Residents of a small French town (pictured) in the Oise region to the north of Paris will have to mind their manners in future after their mayor introduced a new regulation forcing people to be courteous when speaking to staff at the town hall.
A mayor in France's northern Oise region is leading the charge to improve politeness by introducing a law forcing people to remember their Ps and Qs.
A poll earlier this year revealed “lack of manners” was the number one cause of stress for 60 percent of French people and Gerard Plée, the mayor of the small town of Lhéraule, to the north of Paris, has taken action to ease that anxiety for the 185 residents.
From now on, visitors to the town hall will be asked to leave the building if they do not say ‘hello’ or ‘thank you’ to staff.
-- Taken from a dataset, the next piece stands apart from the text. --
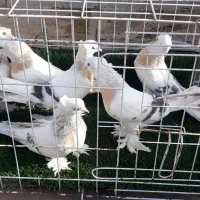 کبوترهای ترکیه ای وارداتی و کمیاب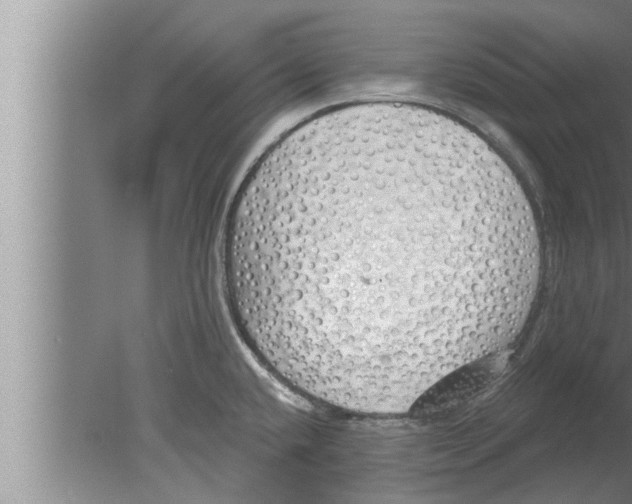 X0000080131432200612302024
The decree, designed to enforce “social standards in the municipality”, will be applied when there is a “concrete example” of a breach of courtesy.
No grumpy people allowed
“I believe that when people enter the town hall they should comply with certain practices like saying hello and goodbye as well as please and thank you,” said Plée. “Being polite is the basic gesture of respect towards others which is needed for people to live together in harmony.”
“If I don’t introduce this rule I have no power to take action against these people because there is no law in France that forces people to say hello, and there’s no judge who will condemn someone for not saying it.”
A notice pinned up outside the door of the building warning visitors of the new regulation makes it clear exactly who the mayor has in mind, with “the eternally dissatisfied, the rancorous and any other grumpy people” all politely asked to mind their manners.
Thankfully, the mayor has accepted there are certain occasions in the town hall when stress and nerves can get in the way of basic courtesy, so he has agreed the decree will not be enforced on election day or on wedding days.